YOUR ASSIGNMENT: Set down exactly the lines running from the one with "Alfa Romeo Giulietta 1.6 JTDM Veloce - 1" to the last line of the listing below, both included, and skip every picture.
+---+
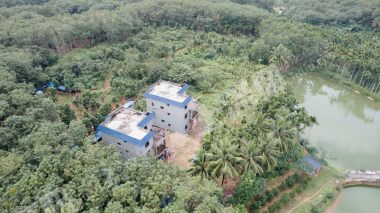 海南瓊海市2棟鄉(xiāng)村建設(shè)用地使用權(quán)流轉(zhuǎn)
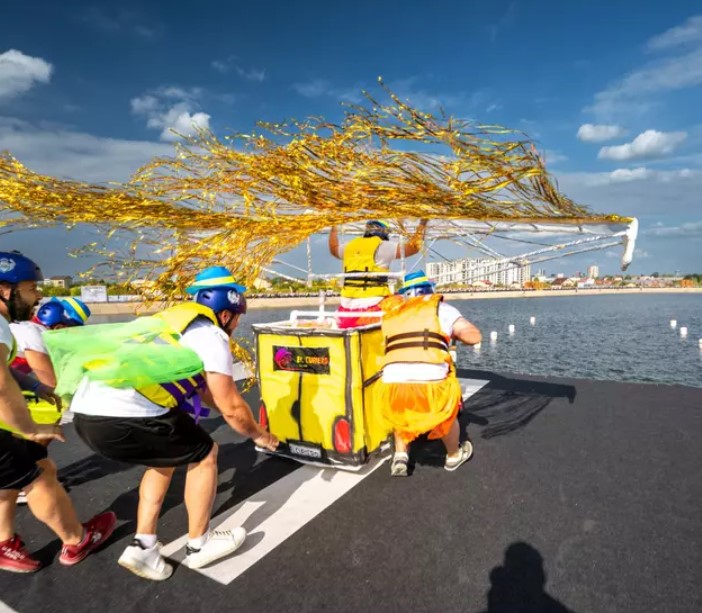 38 de piloți trăsniți au sfidat gravitația la Red Bull Flugtag cu mașinăriile lor zburătoare. Echipa Pegasus 27 a câștigat competiția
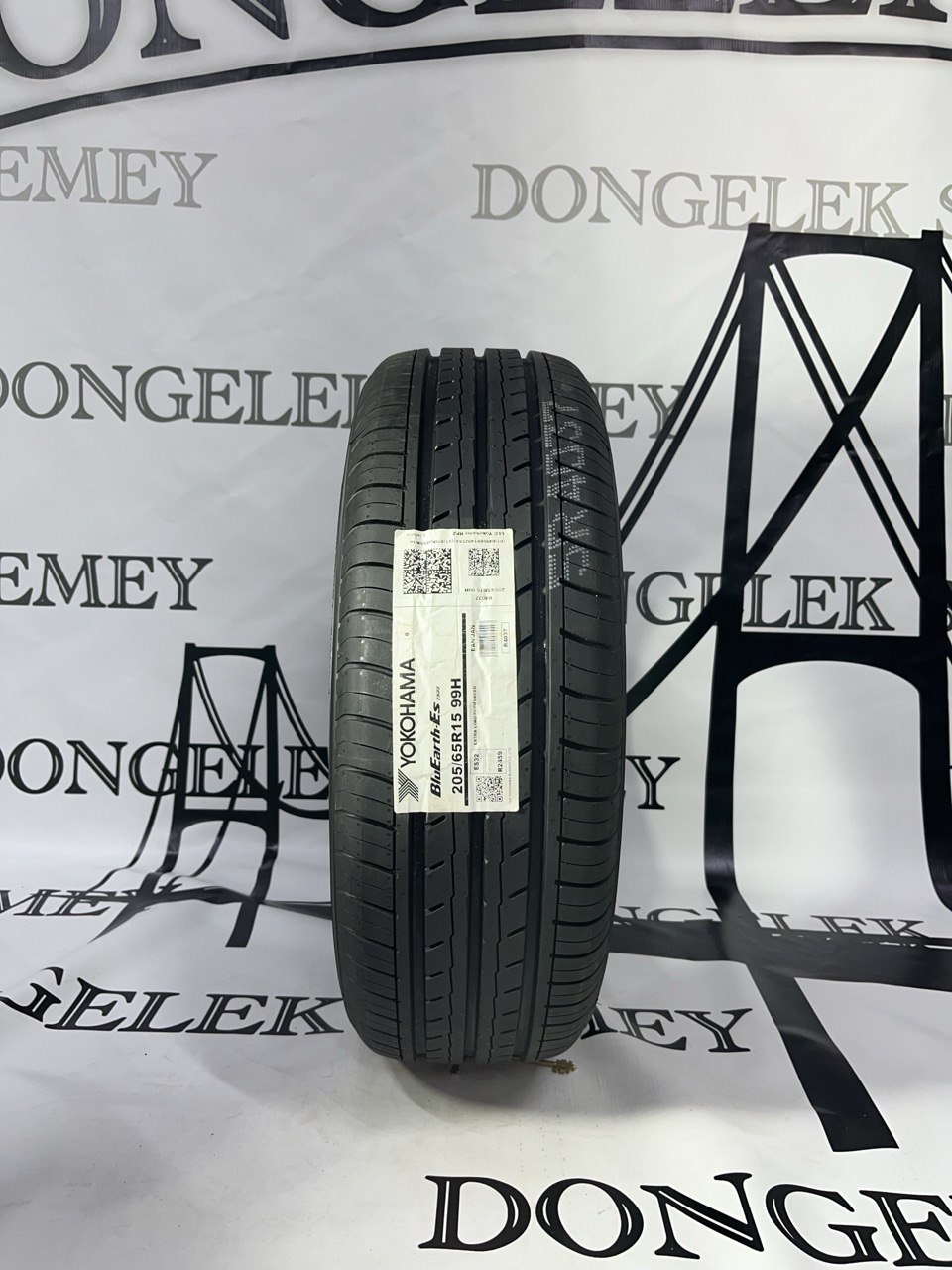 Yokohama Bluearth ES32 205/65 R15 99 H
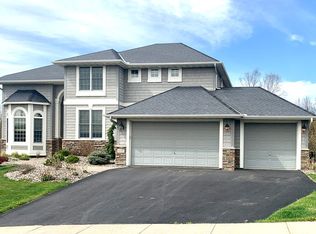 4150 Kings Rd, Excelsior, MN 55331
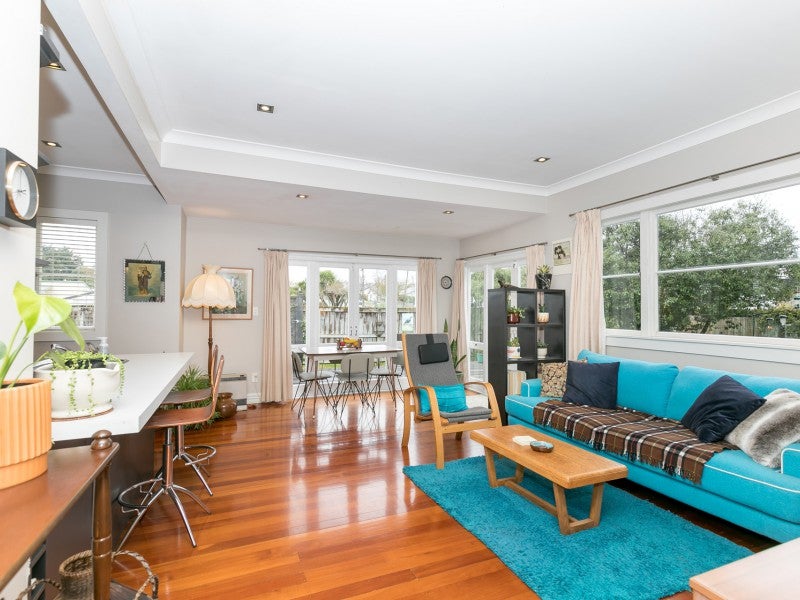 9 Hinau Street, Maeroa, Hamilton - Carousel 2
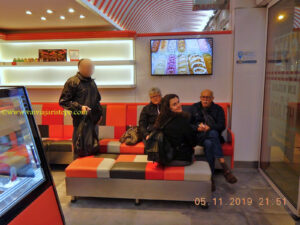 Conseguimos lugar para curtir nosso sorvete, porque quando chegamos à sorveteria já era tarde da noite. 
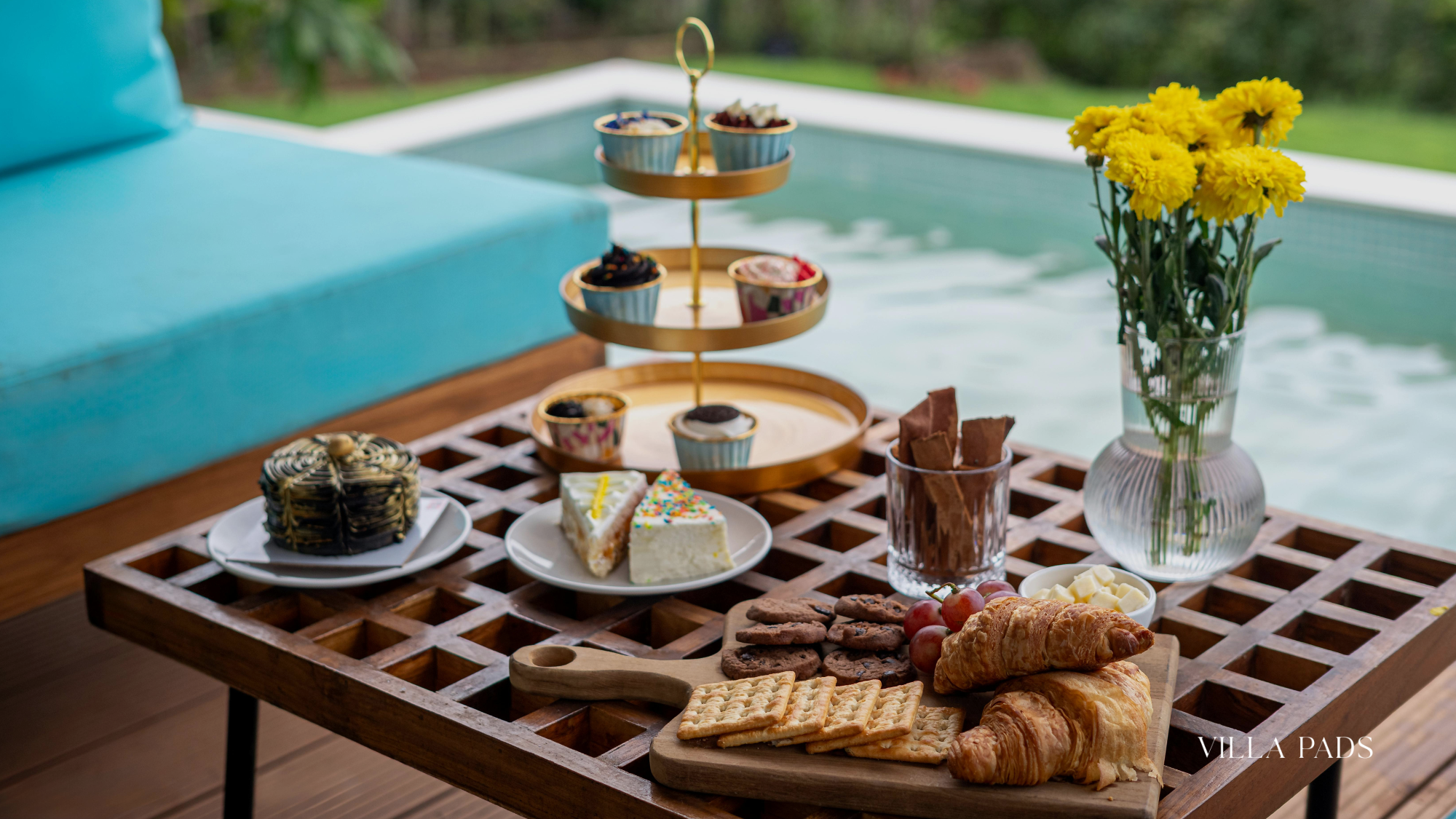 Miami Luxury Brunch Swan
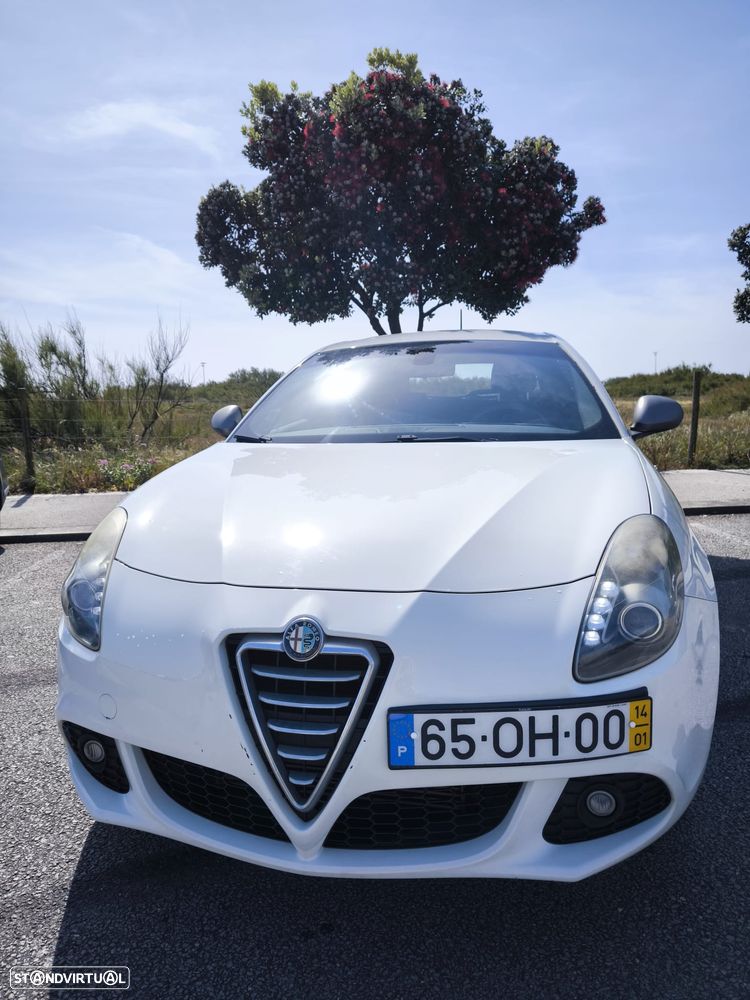 Alfa Romeo Giulietta 1.6 JTDM Veloce - 1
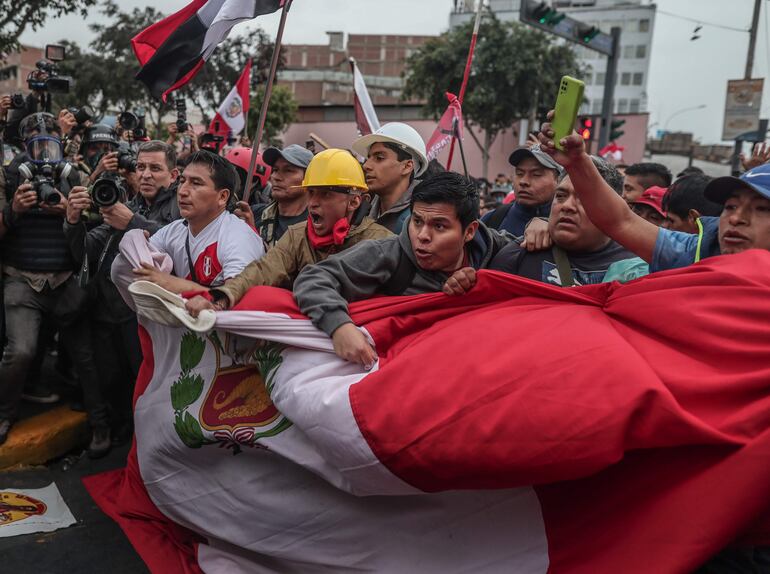 El Tribunal de Justicia de la Comunidad Andina (TJCAN) falló a favor de Perú en la demanda que presentó contra Bolivia por los mayores cobros a transportistas internacionales terrestres de mercancía y pasajeros que circulaban en su territorio con placa extranjera, informó este sábado un comunicado oficial.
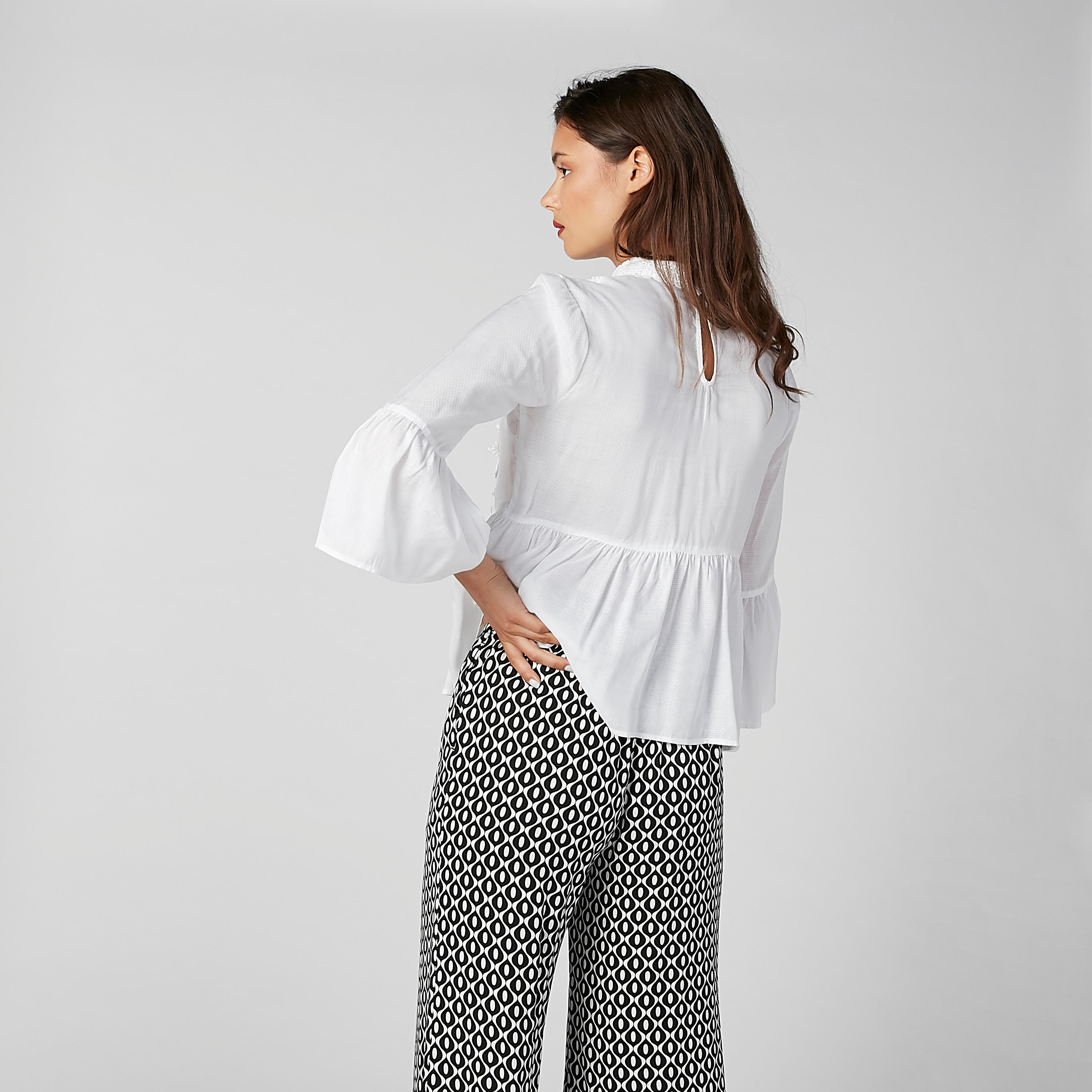 بلوزة بياقة عالية وأكمام 3/4 وتفاصيل دانتيل-women-clothing-shirtsandblouses-blouses-image-6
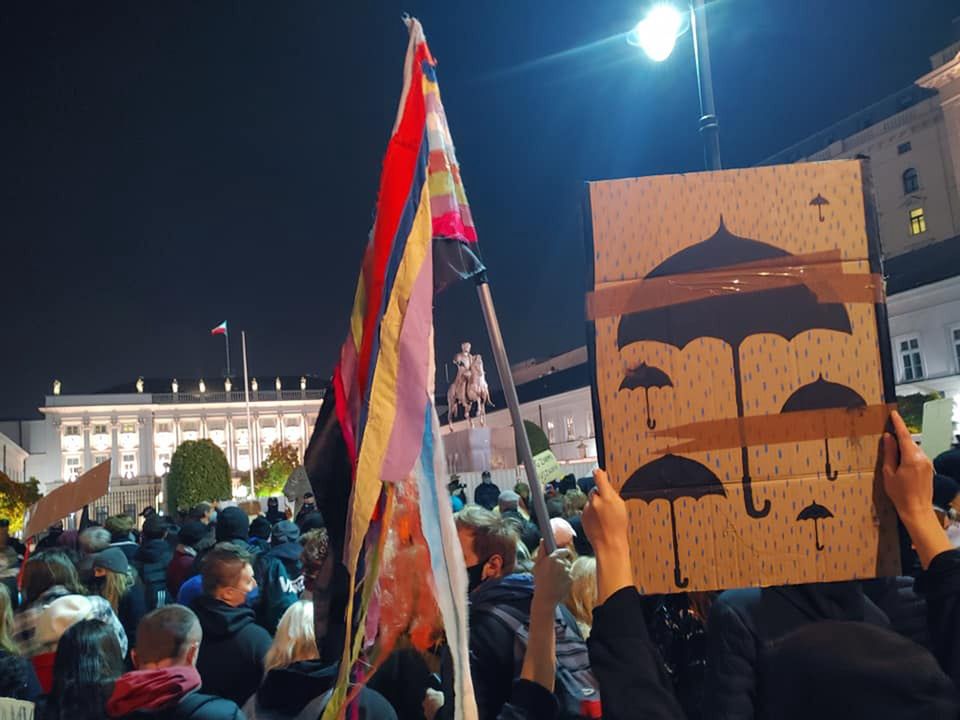 Protest w Warszawie. Podobne manifestacje odbywają się również w innych miejscach w Polsce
+---+
ANSWER TO THE EXERCISE:
 Alfa Romeo Giulietta 1.6 JTDM Veloce - 1
 El Tribunal de Justicia de la Comunidad Andina (TJCAN) falló a favor de Perú en la demanda que presentó contra Bolivia por los mayores cobros a transportistas internacionales terrestres de mercancía y pasajeros que circulaban en su territorio con placa extranjera, informó este sábado un comunicado oficial.
 بلوزة بياقة عالية وأكمام 3/4 وتفاصيل دانتيل-women-clothing-shirtsandblouses-blouses-image-6
 Protest w Warszawie. Podobne manifestacje odbywają się również w innych miejscach w Polsce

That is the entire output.